If something nefarious were going to occur in the universe, it seems appropriate that it would come from a star named EK Draconis in the constellation Draco. That seems to be exactly what happened 111 light-years away from Earth last year when the distant star was observed to have ejected a massive burst of energy, charging particles much more powerfully than scientists have ever observed from a Sun-like star.
A study from a research group led by Kosuke Namekata and Hiroyuki Maehara at the National Astronomical Observatory of Japan (NAOJ) has been observing the young solar-type star using several satellites and telescopes, including the 3.8-meter Seimei Telescope in western Japan and NASA’s Transiting Exoplanet Survey Satellite (TESS). The researchers observed EK Draconis for 32 nights in the winter and spring of 2020. On April 5, the team got lucky as they looked on while the star erupted.

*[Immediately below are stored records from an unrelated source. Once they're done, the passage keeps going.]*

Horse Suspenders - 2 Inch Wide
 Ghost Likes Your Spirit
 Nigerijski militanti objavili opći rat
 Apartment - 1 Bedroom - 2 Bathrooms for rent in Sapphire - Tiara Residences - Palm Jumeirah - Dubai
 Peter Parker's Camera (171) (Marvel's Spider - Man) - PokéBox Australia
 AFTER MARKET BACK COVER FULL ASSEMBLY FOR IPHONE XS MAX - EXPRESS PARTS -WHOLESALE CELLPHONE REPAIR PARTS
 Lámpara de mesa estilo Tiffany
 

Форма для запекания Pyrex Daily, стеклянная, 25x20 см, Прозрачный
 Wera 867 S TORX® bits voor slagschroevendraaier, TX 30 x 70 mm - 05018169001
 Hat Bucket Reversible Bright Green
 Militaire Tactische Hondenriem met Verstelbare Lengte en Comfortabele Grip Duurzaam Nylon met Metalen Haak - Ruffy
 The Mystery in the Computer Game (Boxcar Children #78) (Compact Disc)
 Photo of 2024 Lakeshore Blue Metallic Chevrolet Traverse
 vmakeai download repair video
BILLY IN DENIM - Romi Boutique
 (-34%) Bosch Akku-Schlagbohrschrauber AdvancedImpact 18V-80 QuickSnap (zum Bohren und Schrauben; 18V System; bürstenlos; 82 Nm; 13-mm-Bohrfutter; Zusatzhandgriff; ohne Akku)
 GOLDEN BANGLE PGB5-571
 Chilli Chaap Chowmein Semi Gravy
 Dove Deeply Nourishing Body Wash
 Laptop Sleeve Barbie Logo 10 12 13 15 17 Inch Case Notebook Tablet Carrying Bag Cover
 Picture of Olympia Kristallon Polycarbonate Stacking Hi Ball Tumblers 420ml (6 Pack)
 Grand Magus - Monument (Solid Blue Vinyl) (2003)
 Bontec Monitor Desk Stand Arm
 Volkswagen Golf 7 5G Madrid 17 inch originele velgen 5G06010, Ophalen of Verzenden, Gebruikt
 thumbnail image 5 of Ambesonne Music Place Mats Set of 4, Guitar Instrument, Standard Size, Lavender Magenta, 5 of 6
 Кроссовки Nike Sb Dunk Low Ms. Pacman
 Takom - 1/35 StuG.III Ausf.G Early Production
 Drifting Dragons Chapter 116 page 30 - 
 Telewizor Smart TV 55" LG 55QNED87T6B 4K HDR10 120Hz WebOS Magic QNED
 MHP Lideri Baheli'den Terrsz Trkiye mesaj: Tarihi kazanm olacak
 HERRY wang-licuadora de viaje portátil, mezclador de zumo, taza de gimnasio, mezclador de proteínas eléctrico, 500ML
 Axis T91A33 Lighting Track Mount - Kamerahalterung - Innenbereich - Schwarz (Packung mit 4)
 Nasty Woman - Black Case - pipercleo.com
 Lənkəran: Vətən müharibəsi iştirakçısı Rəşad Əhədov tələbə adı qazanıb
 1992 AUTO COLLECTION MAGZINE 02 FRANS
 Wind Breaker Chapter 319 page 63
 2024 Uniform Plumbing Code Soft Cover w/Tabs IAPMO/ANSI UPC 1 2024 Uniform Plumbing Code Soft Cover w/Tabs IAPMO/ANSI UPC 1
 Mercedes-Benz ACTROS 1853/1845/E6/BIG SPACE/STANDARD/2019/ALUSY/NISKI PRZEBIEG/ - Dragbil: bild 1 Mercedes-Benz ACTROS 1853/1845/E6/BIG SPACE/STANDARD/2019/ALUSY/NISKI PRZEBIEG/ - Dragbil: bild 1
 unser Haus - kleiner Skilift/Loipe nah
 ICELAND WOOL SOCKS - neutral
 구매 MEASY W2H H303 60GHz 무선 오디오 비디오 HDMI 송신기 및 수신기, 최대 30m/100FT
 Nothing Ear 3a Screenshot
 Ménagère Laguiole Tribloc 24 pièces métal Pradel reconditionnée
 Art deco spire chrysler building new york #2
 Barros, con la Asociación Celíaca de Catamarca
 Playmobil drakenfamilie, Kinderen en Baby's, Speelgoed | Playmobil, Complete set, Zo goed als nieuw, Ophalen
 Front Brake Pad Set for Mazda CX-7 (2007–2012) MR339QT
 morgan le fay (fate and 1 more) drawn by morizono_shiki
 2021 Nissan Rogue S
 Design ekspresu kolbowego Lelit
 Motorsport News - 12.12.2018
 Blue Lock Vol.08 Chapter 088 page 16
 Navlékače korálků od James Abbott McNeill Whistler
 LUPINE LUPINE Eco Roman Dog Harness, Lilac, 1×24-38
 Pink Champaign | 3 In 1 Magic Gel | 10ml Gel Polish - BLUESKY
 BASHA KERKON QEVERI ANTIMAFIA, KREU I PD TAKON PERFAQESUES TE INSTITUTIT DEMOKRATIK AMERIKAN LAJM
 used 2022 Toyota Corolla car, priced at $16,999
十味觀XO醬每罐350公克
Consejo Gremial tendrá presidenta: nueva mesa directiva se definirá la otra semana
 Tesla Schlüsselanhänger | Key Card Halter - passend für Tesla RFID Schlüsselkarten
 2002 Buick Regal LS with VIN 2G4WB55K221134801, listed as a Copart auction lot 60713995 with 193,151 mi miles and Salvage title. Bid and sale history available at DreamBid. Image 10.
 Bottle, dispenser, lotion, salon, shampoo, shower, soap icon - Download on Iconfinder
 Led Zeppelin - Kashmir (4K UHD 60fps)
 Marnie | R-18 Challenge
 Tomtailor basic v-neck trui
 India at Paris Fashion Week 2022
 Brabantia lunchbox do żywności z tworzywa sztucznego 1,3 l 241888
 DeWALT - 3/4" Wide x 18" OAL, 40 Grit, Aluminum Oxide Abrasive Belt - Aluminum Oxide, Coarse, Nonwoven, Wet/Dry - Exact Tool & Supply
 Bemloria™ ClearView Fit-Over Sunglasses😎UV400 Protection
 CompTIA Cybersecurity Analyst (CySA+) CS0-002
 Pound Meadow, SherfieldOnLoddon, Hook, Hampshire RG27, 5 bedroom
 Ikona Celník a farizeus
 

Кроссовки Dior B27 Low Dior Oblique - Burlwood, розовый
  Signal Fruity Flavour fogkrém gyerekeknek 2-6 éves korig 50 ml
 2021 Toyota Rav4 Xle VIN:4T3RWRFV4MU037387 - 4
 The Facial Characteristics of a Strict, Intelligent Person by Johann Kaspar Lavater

What they observed was a superflare the size of which could scorch our own Sun’s orbiting planets if something similar currently happened in the solar system. In their study, the researchers found evidence of a coronal mass ejection, an eruption of a supermassive filament of plasma gas so hot that it breaks down into ions and electrons. This filament was large too, ten times more massive than any mass ejection ever recorded on the Sun. The monster ejection was caught speeding at 500 km / sec (roughly a million miles per hour).
“Coronal mass ejections can have a serious impact on Earth and human society,” said Yuta Notsu, a research associate at the Laboratory for Atmospheric and Space Physics at Colorado University, Boulder, and the U.S. National Solar Observatory, who worked on the project. “This kind of big mass ejection could, theoretically, also occur on our sun. This observation may help us to better understand how similar events may have affected Earth and even Mars over billions of years.”
Coronal mass ejections often come right after a star lets loose a flare, or a sudden and bright burst of radiation that can extend far out into space. Recent research has suggested that on our Sun, this sequence of events may be relatively sedate, at least so far as scientists have observed. In 2019, for example, Notsu and his colleagues published a study that showed that young sun-like stars around the galaxy seem to experience frequent superflares — like our own solar flares but tens or even hundreds of times more powerful. Technically, this type of superflare could happen here, but isn’t something that should keep one up at night. Such an event might happen maybe once every several thousand years or so.
The researchers believe that such hot, high-speed filaments most likely happen in younger stars. In fact, if such a thing happened in our solar system during its infant years, it could have helped shape Earth and Mars into what they look like today.
“The atmosphere of present-day Mars is very thin compared to Earth’s,” Notsu said. “In the past, we think that Mars had a much thicker atmosphere. Coronal mass ejections may help us to understand what happened to the planet over billions of years.”